The Divorce Process: Family Law Information

The Divorce Process

Divorce is the legal process through which two people end their marriage and the legal status that it provides. It is usually an extremely emotional time for the parties involved and also for their children, if they have any. The best way to make your divorce process as smooth as possible is to find a solicitor who you can trust and work comfortably with.

It is important that both parties understand their legal position on divorce and know exactly to what they are entitled. A divorce solicitor can make sure finances and property are properly distributed and arrangements are made for children, leaving no room for disagreements.

Petitioning for divorce

In order to begin the process of divorce one party to the marriage must present a petition for divorce on the grounds that the marriage has broken down irretrievably. It is important to note that the parties must have been married for at least a year before they are able to make such a petition.

Whether the marriage is broken down irretrievably is not simply a matter of opinion, and there is legislation stating that at least one of five factors must be present before any court will make a ruling that the marriage has in fact broken down irretrievably. These five grounds for divorce are as follows: unreasonable behaviour, adultery, living apart for two years and both parties consent to the divorce, living apart for five years, and desertion.

Acknowledgment of service

A copy of the petition must be sent to the other party along with a statement of arrangements for the children (if applicable) and an acknowledgment of service.

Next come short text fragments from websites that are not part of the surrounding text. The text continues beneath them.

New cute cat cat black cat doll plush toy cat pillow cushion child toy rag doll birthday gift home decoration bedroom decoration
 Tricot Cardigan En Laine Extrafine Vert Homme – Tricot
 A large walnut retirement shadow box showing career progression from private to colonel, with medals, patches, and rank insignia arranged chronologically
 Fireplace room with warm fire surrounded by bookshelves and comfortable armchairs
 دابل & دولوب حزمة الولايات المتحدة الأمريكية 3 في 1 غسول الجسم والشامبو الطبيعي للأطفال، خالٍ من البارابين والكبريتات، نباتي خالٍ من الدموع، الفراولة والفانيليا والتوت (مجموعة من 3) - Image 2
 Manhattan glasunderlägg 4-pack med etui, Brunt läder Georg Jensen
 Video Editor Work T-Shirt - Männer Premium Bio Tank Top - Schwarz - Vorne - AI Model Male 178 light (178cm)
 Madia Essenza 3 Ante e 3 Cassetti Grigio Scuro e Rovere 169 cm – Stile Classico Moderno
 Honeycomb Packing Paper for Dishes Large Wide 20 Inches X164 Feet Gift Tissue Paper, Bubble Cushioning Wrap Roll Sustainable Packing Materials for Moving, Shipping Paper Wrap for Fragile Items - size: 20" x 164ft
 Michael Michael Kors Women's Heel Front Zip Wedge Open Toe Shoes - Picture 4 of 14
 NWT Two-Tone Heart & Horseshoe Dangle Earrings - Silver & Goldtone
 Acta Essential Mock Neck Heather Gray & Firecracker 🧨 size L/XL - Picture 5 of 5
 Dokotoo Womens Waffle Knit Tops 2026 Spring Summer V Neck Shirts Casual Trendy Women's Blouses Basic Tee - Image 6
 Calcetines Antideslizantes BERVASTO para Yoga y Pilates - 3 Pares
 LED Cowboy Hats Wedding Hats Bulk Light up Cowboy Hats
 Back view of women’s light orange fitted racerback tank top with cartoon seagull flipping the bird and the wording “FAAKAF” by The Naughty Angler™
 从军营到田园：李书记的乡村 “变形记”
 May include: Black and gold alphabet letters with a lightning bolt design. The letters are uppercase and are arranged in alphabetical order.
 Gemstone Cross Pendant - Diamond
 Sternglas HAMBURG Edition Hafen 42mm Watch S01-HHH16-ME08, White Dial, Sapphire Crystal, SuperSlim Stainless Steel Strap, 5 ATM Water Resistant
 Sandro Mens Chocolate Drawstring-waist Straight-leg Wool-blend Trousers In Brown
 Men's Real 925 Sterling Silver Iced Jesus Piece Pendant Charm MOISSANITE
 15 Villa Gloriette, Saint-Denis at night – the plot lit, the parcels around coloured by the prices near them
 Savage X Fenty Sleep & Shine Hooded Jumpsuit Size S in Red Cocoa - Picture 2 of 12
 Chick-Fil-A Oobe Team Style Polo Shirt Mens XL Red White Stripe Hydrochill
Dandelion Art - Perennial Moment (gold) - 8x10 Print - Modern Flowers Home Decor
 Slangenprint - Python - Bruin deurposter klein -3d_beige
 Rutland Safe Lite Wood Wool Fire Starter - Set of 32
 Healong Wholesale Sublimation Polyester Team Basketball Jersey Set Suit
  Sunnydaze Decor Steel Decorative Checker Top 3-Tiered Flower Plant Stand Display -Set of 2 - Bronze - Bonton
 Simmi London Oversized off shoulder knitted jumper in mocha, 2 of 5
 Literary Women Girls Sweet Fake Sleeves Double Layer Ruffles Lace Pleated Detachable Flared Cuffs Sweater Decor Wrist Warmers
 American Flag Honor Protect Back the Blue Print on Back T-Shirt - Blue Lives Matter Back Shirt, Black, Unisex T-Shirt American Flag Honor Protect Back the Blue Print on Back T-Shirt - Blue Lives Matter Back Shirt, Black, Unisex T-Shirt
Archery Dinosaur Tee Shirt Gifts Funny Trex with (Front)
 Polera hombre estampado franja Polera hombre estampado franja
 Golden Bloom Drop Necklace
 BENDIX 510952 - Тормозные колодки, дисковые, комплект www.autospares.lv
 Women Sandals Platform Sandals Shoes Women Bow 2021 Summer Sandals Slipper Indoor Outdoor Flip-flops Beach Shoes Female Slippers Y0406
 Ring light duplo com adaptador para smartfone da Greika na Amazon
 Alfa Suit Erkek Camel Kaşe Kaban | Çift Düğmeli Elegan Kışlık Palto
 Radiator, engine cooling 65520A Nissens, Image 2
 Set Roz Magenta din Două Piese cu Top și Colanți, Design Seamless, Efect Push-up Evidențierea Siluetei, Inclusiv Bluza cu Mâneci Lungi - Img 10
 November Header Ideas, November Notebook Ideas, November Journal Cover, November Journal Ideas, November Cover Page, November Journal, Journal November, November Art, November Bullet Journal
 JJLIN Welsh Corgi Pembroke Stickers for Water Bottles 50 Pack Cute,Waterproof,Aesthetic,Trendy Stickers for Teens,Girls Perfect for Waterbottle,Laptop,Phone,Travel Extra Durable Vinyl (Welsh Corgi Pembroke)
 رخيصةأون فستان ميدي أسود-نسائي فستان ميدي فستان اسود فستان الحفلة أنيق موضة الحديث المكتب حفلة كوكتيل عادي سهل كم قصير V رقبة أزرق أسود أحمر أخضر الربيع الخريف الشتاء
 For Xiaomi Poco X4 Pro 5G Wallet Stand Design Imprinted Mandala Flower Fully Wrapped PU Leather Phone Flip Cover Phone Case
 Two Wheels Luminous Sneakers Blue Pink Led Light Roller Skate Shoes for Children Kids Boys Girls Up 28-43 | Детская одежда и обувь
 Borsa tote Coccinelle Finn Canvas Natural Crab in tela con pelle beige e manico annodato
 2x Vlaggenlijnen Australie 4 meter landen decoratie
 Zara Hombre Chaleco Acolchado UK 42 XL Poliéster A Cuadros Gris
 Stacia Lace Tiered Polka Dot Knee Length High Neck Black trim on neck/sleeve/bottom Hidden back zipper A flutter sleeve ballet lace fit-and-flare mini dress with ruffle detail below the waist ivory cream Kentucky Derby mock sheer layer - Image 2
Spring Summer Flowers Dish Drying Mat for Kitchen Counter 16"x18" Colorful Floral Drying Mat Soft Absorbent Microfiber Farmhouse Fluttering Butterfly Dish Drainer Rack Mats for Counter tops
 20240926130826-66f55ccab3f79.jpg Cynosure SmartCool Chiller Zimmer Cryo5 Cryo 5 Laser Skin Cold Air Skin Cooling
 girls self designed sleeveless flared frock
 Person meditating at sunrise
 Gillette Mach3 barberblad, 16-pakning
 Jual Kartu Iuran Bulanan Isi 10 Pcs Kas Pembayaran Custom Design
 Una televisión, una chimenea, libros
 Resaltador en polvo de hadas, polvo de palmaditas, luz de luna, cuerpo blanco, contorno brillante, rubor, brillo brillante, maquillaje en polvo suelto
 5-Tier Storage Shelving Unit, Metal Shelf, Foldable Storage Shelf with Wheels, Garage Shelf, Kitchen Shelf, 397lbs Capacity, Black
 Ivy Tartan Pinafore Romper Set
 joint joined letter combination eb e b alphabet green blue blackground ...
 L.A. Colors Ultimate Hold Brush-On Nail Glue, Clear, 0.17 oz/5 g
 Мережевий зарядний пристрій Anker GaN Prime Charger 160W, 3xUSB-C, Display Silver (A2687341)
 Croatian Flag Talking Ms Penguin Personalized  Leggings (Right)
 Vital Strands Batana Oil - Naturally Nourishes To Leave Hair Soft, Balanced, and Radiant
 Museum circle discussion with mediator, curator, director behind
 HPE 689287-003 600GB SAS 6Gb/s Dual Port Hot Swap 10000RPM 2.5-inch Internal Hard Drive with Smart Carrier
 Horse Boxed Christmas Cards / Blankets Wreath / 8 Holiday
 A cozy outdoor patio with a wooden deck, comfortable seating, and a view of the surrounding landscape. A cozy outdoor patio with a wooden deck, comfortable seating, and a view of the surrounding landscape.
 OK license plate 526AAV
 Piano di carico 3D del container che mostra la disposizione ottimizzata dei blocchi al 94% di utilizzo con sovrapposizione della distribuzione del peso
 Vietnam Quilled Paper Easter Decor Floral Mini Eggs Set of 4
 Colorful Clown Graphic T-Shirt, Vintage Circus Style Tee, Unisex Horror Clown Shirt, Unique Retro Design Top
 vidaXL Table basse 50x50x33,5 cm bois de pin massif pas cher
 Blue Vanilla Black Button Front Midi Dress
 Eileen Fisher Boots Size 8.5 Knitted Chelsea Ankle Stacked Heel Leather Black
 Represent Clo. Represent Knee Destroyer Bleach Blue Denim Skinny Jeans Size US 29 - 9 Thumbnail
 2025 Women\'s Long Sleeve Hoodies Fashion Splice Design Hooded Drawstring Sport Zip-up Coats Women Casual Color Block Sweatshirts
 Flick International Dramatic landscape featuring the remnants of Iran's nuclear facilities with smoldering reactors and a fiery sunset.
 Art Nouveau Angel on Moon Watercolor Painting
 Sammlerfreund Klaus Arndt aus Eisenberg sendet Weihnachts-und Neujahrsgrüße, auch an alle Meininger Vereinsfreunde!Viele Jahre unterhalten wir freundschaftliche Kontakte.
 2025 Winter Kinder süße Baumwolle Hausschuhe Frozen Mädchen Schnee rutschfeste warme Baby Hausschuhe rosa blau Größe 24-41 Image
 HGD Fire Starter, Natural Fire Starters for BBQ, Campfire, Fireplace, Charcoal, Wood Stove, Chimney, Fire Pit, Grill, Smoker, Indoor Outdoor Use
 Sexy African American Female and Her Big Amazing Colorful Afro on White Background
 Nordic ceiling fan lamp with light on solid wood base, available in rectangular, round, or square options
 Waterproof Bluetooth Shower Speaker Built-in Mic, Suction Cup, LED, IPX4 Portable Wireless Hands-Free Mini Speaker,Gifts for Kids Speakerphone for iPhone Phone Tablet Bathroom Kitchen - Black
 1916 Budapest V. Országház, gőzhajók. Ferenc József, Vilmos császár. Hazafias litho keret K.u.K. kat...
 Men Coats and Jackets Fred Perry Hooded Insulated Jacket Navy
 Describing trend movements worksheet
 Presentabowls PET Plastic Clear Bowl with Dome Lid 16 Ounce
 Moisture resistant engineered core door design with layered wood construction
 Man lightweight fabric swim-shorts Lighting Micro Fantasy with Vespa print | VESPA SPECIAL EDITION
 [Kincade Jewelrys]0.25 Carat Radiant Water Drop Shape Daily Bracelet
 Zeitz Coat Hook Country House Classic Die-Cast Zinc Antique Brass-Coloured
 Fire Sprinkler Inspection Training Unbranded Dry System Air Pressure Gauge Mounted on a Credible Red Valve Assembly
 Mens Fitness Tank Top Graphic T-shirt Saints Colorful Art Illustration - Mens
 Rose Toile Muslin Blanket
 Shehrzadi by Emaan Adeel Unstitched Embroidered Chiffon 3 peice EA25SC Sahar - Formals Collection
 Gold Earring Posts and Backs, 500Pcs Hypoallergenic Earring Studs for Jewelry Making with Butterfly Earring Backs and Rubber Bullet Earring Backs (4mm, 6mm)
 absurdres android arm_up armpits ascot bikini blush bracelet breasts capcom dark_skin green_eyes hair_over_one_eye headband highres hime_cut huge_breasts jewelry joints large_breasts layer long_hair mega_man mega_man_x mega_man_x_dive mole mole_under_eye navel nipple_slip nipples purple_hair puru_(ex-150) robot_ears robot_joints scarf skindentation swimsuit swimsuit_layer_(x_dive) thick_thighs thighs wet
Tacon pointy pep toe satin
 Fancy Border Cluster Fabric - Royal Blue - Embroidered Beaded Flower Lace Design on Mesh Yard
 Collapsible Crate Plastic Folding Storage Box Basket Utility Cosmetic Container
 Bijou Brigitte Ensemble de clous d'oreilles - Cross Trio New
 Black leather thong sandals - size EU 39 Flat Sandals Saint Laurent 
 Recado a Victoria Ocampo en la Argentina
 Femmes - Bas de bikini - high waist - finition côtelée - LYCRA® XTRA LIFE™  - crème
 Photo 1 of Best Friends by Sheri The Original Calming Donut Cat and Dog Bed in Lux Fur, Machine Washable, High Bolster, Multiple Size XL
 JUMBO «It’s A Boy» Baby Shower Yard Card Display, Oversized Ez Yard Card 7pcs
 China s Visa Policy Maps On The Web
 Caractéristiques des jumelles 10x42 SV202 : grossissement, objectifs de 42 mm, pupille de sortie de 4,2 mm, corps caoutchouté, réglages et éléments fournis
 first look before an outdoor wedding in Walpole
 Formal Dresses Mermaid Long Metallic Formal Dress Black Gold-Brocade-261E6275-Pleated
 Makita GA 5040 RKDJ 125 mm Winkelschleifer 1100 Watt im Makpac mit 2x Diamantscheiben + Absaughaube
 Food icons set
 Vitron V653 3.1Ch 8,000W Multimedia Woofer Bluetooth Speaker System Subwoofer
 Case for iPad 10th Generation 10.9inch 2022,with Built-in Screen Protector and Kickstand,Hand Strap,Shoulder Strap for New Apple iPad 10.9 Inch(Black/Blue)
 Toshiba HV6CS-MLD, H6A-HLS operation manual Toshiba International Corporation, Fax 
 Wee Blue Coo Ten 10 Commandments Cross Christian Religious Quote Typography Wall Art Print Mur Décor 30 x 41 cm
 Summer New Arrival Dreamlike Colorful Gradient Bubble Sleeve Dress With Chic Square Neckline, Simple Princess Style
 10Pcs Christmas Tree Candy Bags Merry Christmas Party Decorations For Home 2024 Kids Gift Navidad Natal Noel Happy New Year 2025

The respondent must inform the petitioner in the acknowledgment of service whether they will be contesting the divorce. The acknowledgment of service is therefore an extremely important document as it shows the court that the other party is aware of the petition. If the other party refuses to return the acknowledgment of service you may have to arrange for a process server or bailiff to serve the document and make an affidavit stating that they have done so.

Decree nisi

If the court is satisfied that there are valid grounds for divorce it may well grant what is known as a decree nisi. A decree nisi will generally be granted when a divorce is not being contested and there are valid grounds for divorce. The party who made the petition must then apply to have the decree made absolute which they cannot do until at least six weeks and one day from the date of the decree nisi.

Decree absolute

The decree absolute is what actually ends the marriage, as opposed to the decree nisi which merely declares there are satisfactory grounds. Once the decree absolute has been pronounced the marriage has officially ended and usually the parties will begin ancillary relief proceedings: the name given for deciding how the matrimonial assets should be split.

Ancillary relief proceedings

The ancillary relief proceedings are often fiercely contested as a judge will rule on who should have what from the matrimonial assets. The ancillary relief process can be quite long and usually involves three trips to court.

  • A first appointment in which a judge outlines his position and ensures appropriate disclosure has taken place.
  • A financial dispute resolution hearing in which a judge (a different judge from who will be in attendance at the final hearing) will give an indication of what he would order in the hope the parties then settle on similar terms and avoid a final hearing.
  • A final hearing in which an order will be made.

With the potential for several court visits, it is in both parties’ interests to try to facilitate an early settlement to avoid significant legal costs.